TASK REQUIREMENTS — Could every line of the listing be output exactly, with the pictures skipped?

DATA PROVIDED —
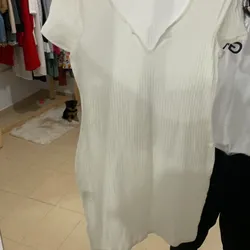 Vestido blanco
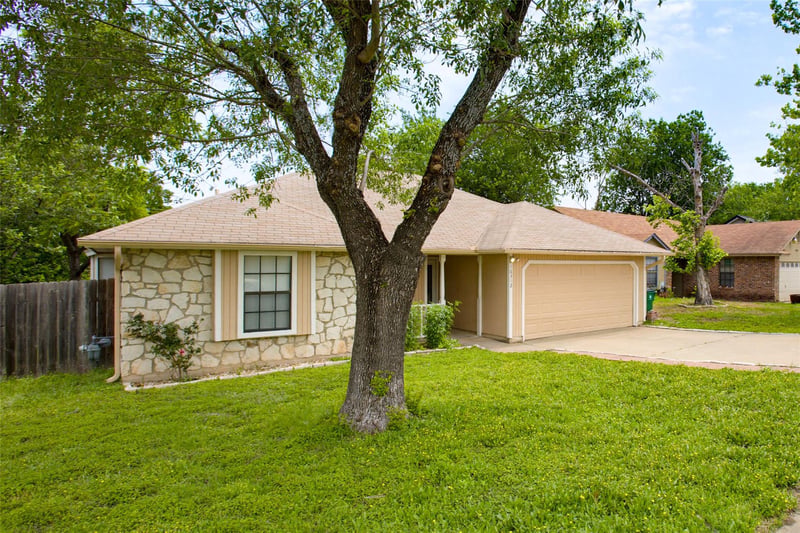 16312 Edgemere DR, Pflugerville, TX 78660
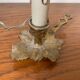 "Candle" lamp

YOUR RESPONSE —
 Vestido blanco
 16312 Edgemere DR, Pflugerville, TX 78660
 "Candle" lamp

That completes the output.